Profiling AMD/ATI OpenCL systems (Linux)

Message boards : Number crunching : Profiling AMD/ATI OpenCL systems (Linux)
Message board moderation

To post messages, you must log in.

AuthorMessage
Fortran

Send message
Joined: 20 Apr 06
Posts: 16
Credit: 13,398,872
RAC: 31
Canada
Message 1799262 - Posted: 28 Jun 2016, 23:56:33 UTC

I have 4 AMD 64 systems, one of which is not yet moved to a 64 bit OS. The oldest system has a 4800+ on a M2R32-MVP motherboard, with I believe 8 GB of RAM. It is intended to be the LAN server, and will do backups and other stuff. The smallest system was a refurbished business system from Dell, which is running the 32 bit OS, has 3 GB of RAM and a HD-5450 graphics card (a little bit of single precision floating point GPU). What was the only other system, is a 78LMT-USB3 with a AMD B24 processor and 8 GB of RAM. It normally runs with a HD-6450 video card, which has a bit more single precision performance than the 5450.

The reason for the 2 GPUs is not games or graphics, just an opportunity to learn about number crunching on GPUs. I thought BOINC would be a good place to learn.

There is an application I have in mind which could be heavy on floating point in an environment where energy efficiency is useful. In terms of GPU, I thought a R7-250 was the unit to use, and I recently had an opportunity to pick up one of these cards (2 GB of video RAM). In the machine with the HD6450, having the R7-250 installed instead of the HD6450 results in a miniscule difference in BOINC units. Well, the 78LMT only has PCI2-2.0 slots, and the RAM isn't that fast (1333?). Why such a small difference between 2 quite different GPUs?

Okay, I went out and bought some more of my application hardware, a motherboard with a PCIe-3.0 slot for a video card, and supports ram to DDR3-2400 (which is overclocking, I am not doing that yet) with a SSD instead of a disk (SATA3), 16 GB of RAM (capable of DDR-2400) and a A10-7860K APU. It's a pretty minimal Debian/stable install, and not many daemons running. I think BOINC is getting 99.9+% of time with 3 of 4 processors devoted to BOINC, and the 8 GPU cores also working on a BOINC job. (No systemd on any of my machines.)

At some point I want to add the R7-250 card in the PCIe-x16 slot, as it is supposed to be meant to work with the A10 APU.

How does one profile this, to find out where the choke points are?
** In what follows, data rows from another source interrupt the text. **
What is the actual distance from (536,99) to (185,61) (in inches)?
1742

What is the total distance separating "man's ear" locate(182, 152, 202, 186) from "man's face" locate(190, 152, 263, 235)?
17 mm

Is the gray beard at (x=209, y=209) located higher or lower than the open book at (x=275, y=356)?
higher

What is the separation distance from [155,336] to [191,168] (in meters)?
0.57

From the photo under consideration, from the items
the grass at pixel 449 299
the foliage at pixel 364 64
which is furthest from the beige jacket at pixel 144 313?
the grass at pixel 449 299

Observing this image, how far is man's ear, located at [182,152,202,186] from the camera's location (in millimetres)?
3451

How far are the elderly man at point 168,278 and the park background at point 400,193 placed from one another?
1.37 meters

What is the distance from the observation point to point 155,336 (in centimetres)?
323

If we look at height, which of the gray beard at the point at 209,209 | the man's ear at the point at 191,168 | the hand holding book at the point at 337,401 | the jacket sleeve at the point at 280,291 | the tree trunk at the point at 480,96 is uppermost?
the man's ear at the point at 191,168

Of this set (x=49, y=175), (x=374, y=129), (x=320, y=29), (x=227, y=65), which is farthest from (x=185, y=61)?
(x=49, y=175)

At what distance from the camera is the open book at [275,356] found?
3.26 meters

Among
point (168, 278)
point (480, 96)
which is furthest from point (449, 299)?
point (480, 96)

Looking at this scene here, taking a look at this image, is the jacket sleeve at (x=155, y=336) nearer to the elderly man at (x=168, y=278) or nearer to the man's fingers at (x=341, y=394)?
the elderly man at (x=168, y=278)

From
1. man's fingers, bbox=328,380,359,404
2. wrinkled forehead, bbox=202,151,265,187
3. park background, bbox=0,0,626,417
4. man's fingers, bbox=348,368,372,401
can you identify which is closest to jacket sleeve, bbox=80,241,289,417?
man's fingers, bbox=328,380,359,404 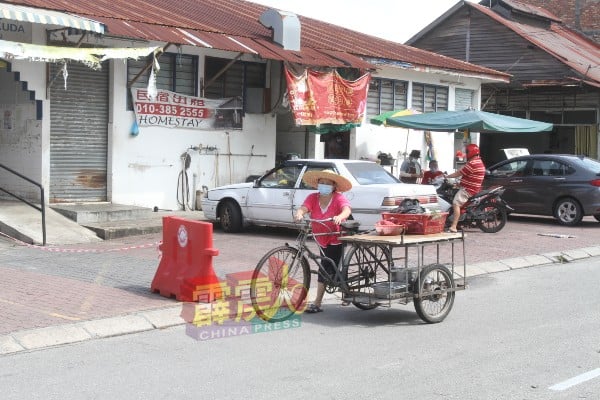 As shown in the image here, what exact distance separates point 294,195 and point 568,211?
7536 millimetres

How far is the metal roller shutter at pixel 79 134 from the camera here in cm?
1565

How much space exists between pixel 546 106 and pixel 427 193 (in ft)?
64.2

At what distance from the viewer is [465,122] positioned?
18141 millimetres

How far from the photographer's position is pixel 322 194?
866 centimetres

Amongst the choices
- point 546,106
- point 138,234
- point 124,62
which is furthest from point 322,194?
point 546,106

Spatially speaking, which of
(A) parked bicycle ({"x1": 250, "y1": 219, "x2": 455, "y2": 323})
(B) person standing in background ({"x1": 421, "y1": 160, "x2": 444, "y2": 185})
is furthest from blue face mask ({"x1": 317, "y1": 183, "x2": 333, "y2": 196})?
(B) person standing in background ({"x1": 421, "y1": 160, "x2": 444, "y2": 185})

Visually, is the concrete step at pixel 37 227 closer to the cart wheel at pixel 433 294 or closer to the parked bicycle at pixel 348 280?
the parked bicycle at pixel 348 280

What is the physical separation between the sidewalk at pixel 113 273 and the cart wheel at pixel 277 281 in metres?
0.92

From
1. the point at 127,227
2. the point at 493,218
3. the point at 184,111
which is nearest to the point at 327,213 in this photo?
the point at 127,227

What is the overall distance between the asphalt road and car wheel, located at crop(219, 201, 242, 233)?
6338 millimetres

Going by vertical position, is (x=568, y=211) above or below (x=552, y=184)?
below

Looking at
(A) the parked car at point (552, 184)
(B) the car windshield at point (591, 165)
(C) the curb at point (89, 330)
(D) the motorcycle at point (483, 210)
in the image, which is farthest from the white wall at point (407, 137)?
(C) the curb at point (89, 330)

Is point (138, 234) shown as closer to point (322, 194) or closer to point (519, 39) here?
point (322, 194)

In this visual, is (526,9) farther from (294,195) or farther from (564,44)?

In terms of coding, I prefer FORTRAN, but I have done C, C++ and others.
ID: 1799262 · Report as offensive
Profile ML1
Volunteer moderator
Volunteer tester

Send message
Joined: 25 Nov 01
Posts: 20264
Credit: 7,508,002
RAC: 20
United Kingdom
Message 1799268 - Posted: 29 Jun 2016, 0:26:00 UTC - in response to Message 1799262.  

What number crunching are you wanting to do?...
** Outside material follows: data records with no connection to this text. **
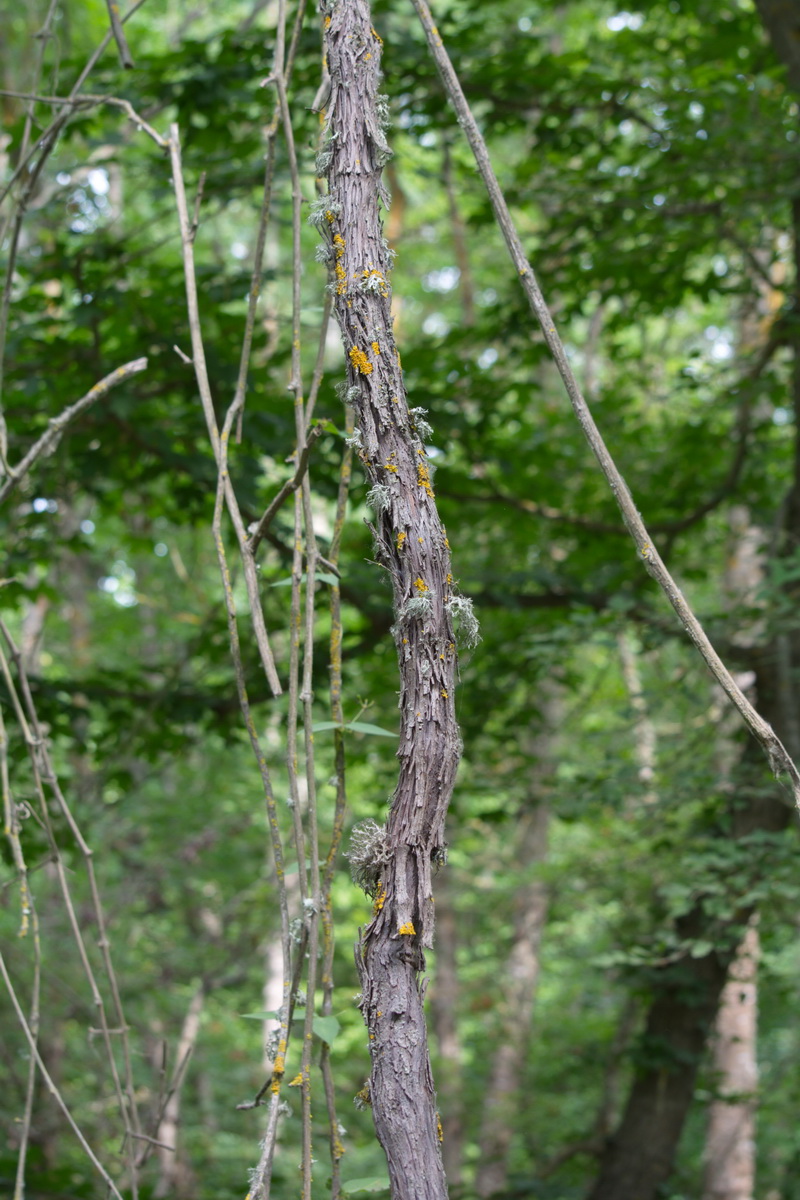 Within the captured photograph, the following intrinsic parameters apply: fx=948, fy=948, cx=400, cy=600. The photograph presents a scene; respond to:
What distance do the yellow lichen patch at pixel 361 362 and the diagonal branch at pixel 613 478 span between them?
19 cm

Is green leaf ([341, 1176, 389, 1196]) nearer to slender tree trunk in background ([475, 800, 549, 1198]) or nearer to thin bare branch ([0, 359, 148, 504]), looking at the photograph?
thin bare branch ([0, 359, 148, 504])

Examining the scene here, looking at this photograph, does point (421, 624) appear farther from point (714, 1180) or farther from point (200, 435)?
point (714, 1180)

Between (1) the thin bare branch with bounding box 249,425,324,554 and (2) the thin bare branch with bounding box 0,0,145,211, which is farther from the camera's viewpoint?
(2) the thin bare branch with bounding box 0,0,145,211

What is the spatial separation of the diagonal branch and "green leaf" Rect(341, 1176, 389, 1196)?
590 mm

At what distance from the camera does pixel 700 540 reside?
6301 millimetres

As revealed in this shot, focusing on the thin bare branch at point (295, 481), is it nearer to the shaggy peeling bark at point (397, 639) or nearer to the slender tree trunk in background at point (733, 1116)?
the shaggy peeling bark at point (397, 639)

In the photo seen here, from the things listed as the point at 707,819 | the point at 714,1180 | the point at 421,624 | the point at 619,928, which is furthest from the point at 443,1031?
the point at 421,624

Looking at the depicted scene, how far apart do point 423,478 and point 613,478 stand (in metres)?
0.21

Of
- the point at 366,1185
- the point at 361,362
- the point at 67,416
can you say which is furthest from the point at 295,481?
the point at 366,1185

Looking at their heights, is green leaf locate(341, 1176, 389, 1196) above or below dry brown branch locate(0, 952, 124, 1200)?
below

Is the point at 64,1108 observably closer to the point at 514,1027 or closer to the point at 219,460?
the point at 219,460

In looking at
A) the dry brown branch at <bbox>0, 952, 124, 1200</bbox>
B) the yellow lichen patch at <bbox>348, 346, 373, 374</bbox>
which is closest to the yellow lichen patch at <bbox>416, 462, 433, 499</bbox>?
the yellow lichen patch at <bbox>348, 346, 373, 374</bbox>

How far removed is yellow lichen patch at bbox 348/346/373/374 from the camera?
1051 mm

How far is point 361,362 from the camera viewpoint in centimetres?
105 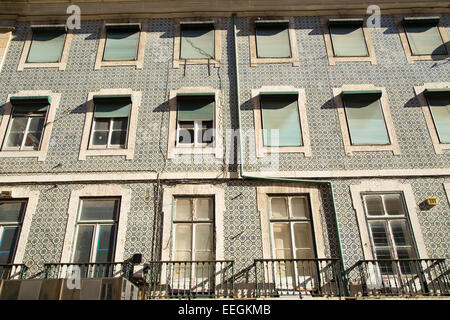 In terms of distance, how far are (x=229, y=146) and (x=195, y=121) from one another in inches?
42.3

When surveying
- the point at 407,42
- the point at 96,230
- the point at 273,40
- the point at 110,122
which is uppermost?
the point at 273,40

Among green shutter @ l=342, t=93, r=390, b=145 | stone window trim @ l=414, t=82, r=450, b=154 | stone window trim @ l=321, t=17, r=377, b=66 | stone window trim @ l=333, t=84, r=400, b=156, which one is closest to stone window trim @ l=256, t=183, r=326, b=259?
stone window trim @ l=333, t=84, r=400, b=156

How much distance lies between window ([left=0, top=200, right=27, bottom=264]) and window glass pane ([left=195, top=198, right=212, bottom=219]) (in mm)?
3612

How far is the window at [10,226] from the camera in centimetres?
789

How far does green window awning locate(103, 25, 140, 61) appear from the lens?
1029cm

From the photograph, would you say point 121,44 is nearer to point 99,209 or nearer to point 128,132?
point 128,132

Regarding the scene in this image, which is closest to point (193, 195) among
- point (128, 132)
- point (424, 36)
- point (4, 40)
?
point (128, 132)

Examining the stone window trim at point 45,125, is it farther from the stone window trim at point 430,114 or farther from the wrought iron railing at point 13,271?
the stone window trim at point 430,114

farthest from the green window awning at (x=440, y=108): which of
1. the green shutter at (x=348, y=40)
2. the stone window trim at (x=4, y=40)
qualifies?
the stone window trim at (x=4, y=40)

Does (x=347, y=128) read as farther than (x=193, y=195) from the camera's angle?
Yes

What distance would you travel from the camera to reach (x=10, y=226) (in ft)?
26.7

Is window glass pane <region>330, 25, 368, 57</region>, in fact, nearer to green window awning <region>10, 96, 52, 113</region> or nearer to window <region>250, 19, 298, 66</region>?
window <region>250, 19, 298, 66</region> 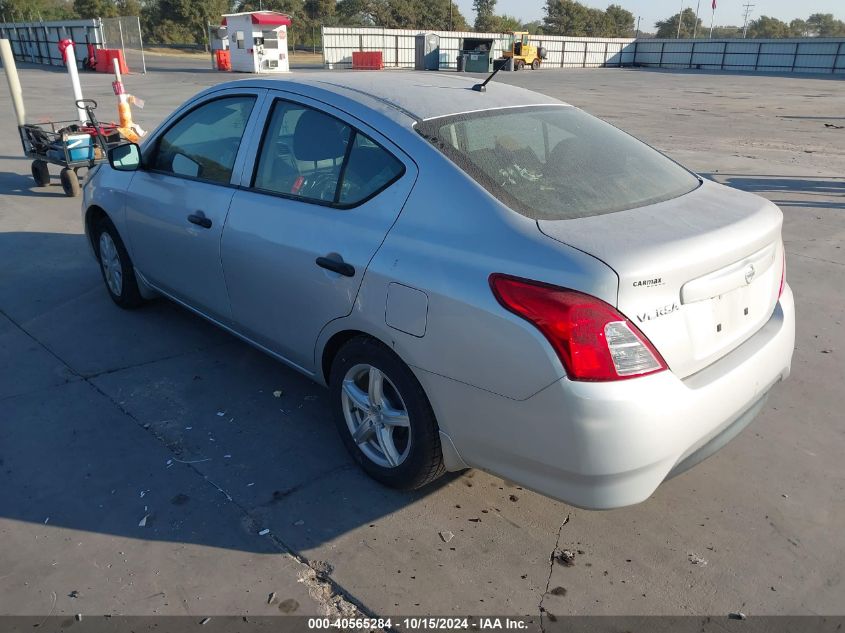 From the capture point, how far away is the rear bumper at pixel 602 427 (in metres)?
2.18

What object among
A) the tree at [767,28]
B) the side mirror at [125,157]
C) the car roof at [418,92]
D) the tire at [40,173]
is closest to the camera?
the car roof at [418,92]

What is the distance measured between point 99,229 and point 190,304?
1.45 m

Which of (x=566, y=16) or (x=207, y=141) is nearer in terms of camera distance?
(x=207, y=141)

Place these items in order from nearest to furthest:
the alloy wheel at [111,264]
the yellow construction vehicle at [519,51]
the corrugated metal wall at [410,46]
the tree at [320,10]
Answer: the alloy wheel at [111,264]
the corrugated metal wall at [410,46]
the yellow construction vehicle at [519,51]
the tree at [320,10]

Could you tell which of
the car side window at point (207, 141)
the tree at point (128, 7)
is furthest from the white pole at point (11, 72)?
the tree at point (128, 7)

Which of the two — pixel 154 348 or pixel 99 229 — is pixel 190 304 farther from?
pixel 99 229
If this is all for s@h, then you will be limited by your GPU capability. Look up the Lunatics optimised apps for the latest developments.
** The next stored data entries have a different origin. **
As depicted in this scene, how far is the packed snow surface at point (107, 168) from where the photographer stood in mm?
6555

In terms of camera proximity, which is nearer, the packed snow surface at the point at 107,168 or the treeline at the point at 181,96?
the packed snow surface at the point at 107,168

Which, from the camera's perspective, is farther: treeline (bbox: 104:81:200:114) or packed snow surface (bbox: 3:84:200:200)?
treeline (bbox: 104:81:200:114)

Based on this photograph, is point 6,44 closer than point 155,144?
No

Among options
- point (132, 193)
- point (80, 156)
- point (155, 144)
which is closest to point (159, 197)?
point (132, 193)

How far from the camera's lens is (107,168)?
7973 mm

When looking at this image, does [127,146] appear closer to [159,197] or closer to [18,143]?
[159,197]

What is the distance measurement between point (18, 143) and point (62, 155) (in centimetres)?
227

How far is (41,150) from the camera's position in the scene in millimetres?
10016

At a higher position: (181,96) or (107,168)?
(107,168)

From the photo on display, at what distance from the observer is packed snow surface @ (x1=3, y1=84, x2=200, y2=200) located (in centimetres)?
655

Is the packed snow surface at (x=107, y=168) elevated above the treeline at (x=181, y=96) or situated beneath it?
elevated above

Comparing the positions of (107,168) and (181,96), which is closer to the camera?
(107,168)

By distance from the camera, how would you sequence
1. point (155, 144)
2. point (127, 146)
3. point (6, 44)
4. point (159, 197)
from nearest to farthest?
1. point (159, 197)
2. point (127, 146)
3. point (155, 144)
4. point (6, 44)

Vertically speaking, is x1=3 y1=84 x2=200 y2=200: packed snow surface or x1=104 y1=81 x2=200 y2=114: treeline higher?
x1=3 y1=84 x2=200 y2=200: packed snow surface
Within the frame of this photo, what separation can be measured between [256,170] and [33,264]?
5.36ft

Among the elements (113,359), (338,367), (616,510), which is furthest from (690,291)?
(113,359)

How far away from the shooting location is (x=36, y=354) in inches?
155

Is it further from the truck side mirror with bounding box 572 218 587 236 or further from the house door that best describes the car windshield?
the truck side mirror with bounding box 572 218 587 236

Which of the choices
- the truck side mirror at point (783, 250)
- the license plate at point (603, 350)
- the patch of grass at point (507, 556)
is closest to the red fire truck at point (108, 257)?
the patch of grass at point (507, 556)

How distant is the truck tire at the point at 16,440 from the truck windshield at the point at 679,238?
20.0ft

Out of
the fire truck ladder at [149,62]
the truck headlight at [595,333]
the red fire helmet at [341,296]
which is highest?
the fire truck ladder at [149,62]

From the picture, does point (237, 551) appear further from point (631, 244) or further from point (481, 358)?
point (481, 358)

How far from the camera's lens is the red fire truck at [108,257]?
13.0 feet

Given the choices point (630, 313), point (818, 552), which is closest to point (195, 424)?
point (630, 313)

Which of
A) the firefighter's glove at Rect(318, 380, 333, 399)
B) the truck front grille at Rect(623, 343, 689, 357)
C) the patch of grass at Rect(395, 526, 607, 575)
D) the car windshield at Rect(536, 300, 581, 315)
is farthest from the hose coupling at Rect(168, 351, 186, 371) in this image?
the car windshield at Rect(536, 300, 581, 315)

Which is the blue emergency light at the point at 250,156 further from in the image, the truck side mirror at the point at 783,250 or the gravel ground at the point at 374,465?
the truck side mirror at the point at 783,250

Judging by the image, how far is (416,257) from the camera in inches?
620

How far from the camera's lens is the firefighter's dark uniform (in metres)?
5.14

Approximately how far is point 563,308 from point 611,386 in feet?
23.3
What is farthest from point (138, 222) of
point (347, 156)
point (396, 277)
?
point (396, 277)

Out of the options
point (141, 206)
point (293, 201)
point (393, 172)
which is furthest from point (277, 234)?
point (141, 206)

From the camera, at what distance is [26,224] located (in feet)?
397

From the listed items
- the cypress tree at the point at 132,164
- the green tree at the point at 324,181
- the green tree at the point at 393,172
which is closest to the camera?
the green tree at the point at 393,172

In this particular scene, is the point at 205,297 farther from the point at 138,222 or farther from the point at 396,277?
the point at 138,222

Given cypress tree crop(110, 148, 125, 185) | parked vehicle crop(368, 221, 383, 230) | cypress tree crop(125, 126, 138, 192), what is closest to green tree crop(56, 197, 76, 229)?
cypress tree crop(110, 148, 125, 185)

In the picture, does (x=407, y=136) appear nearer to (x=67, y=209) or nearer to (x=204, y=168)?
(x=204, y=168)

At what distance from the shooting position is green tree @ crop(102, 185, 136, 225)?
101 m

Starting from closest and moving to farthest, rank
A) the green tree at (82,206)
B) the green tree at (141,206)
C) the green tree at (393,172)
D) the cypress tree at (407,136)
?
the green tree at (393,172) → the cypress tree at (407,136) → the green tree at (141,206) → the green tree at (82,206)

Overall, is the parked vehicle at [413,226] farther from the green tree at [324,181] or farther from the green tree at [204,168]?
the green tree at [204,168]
If this is for your own code, then you should already have a good idea about what data flows and what computation flows you need...


So... What are you wanting to try and with what?

(In the Linux world, you could try looking up the details for the kernel performance tooling called "perf" to see real-time real world kernel activity...)


Hope that helps with a few thoughts.

Happy fast crunchin',
Martin
See new freedom: Mageia Linux
Take a look for yourself: Linux Format
The Future is what We all make IT (GPLv3)
ID: 1799268 · Report as offensive
Profile Raistmer
Volunteer developer
Volunteer tester
Avatar

Send message
Joined: 16 Jun 01
Posts: 6325
Credit: 106,370,077
RAC: 121
Russia
Message 1799326 - Posted: 29 Jun 2016, 7:33:58 UTC - in response to Message 1799262.  
Last modified: 29 Jun 2016, 7:34:30 UTC


How does one profile this, to find out where the choke points are?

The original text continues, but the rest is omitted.